The other component of the GameConnect experience is the social networking aspect. The original web-based communities were formed to serve people with shared interests and activities, enabling them to communicate through message boards and email services. Relevant content is created and posted by the members. Within relatively short order, social networking revolutionized the way we communicate and share information on an everyday basis. Networks such as Facebook now boast over 800 million members, and the YouTube phenomenon is influencing the nature of presidential elections.

The next generation of the social network is set in a virtual world, members can create avatars to represent themselves and buy “real estate” which is then developed and customized to reflect their own personality and lifestyle. A number of successful virtual worlds are growing fast including Mindark’s Entropia and Club Penguin (bought by Disney for $350M, plus possible $350 earnout).

However, while people around the world participate in these communities every day, few social networks have been able to establish a successful business model.

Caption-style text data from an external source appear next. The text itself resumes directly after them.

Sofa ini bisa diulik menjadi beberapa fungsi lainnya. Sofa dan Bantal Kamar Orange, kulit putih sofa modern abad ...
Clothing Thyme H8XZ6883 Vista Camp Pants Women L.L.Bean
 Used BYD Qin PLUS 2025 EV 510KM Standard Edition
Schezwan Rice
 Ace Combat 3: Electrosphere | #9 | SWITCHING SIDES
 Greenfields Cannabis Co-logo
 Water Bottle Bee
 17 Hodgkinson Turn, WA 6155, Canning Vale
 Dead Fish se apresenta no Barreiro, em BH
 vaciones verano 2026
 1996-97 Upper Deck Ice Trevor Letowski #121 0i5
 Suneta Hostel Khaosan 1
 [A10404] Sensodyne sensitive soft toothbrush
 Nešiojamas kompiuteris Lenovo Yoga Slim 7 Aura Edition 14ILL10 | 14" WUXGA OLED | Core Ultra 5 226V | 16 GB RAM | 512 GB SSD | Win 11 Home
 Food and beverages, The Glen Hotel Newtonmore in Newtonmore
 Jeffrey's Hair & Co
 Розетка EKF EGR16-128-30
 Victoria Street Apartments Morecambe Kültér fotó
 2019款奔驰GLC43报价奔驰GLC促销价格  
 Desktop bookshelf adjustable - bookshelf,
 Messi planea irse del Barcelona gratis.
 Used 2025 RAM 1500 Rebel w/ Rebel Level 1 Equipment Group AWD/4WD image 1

We intend to capitalize on the social networking, gaming and virtual world trends, providing users with a wide variety of games through various partners, at the virtual world online community, the players can socialize, play games, share content and compete in tournament and buy virtual goods.

We will work to balance the more popular “standard” games such as bowling and golf, with original content created by independent game developers. Like many of the traditional online game sites, ours has instituted an “outsourcing” strategy, allowing members of the community to develop the content -- for gamers, by gamers.

The developer friendly culture is expected to result in continual generation of original and challenging games to keep residents within the world.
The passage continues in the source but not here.